Observing Slowly in a Fast World
The visual device in question is called Kaiserpanorama and is a form of entertainment born between the late 19th century and the early 20th century, consisting of a round cabin with several windows. By leaning out of the windows, observers could view an image that, thanks to stereoscopy, appeared rotating and in motion. Thanks to this optical device, up to twenty observers could view a single image (often of animals or exotic landscapes) that each saw frontally depending on where they were positioned. It was one of those machines that anticipated cinema by playing on visual distortion.
In the show, instead of the rotating image, there were the models entering and exiting the various cabins rotating on themselves and allowing the various spectators to observe each look from their own point of view. All the looks then came out together for the finale. The idea was to recover the observation mode of the Kaiserpanorama, and thus create an experience that was indeed group-based but in which the act of observing (perhaps contemplating would be the more appropriate verb) took place individually and therefore in a personal way.
The fact, however, is that the image seen in the Kaiserpanorama was not narrative, like in cinema, but static. It was observed as isolated from reality and therefore, more than involving the viewer, to quote the notes themselves, it educated the gaze, which had to focus on one subject at a time. Precisely this concentration on a single image is a sort of escape «from the simultaneity of the gaze, from media overexposure and from rapid consumption» that has become the rule of modern times.
Hollywood, Valentino and the Construction of New Myths
The point of connection between all this reasoning and the myth (itself secularly sacred) of the recently departed founder, the legendary Valentino Garavani, lies precisely in the reference to Hollywood divas. Garavani, in fact, as his own recorded voice before the show says, had begun designing clothes inspired precisely by the glamour of Hollywood divas from the 1940s and 1950s.
This reference was particularly interesting in that, beyond the message inherent in the presentation, the entire collection perfectly staged the often little-explored link between Hollywood clothing and the sacred imaginary vestments of some priestess in the manner of literary heroines like Salammbô or Salomé, Bellini’s Norma or the character of Maria in Fritz Lang’s Metropolis. All sacred, hieratic women where the garment is not just clothing but also sublimation of a higher aesthetic dimension.
And so Michele brought to the runway sirens and priestesses, Hollywood divas and barbarian princesses. And this was undoubtedly his best collection for the brand so far, the most perfectly measured as well as the one that best balances Valentino’s “historical” romanticism with Michele’s personal tastes, which in this collection find an excellent alchemy that perhaps the endpoint of a journey that has unfolded through the last eight collections the Roman designer has signed for the brand from June 2024 to today.
Garments Worthy of Contemplation
In the Kaiserpanorama, what appears «is separated from common use, isolated, highlighted, made worthy of contemplation». And it is precisely this contemplation that must be paid to the garments on display in the collection, which explores the parallelism between the veneration aroused by Hollywood cinema and the religious experience.
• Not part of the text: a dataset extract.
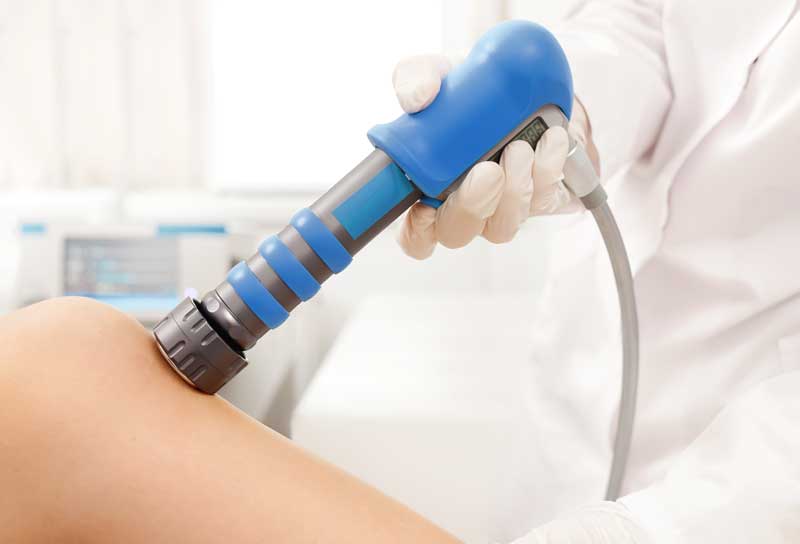 Patient receiving Shockwave Therapy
Just as the images of Hollywood cinema and its legendary divas, to which the public pays a «secular cult», the Haute Couture garments transcend the ordinary and the everyday and represent apparitions. Their sacredness resides as much in material magnificence as in their cultural significance.
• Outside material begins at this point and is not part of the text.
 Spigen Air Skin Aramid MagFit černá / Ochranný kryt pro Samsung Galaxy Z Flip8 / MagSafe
In short, the garments are not things to be consumed quickly but true divine apparitions, which reconnect to the ritual of observing in rupture with the inattention and overstimulation of modern times. Their isolation in the optical “machine” opposes them to fast-consumption products and isolates them in a separate aesthetic dimension of «contemporary altar». In short, one must pause and observe them with an admiration that is not too far from a prayer. Contemplating beauty is a ritual and the ritual itself is a beauty in itself.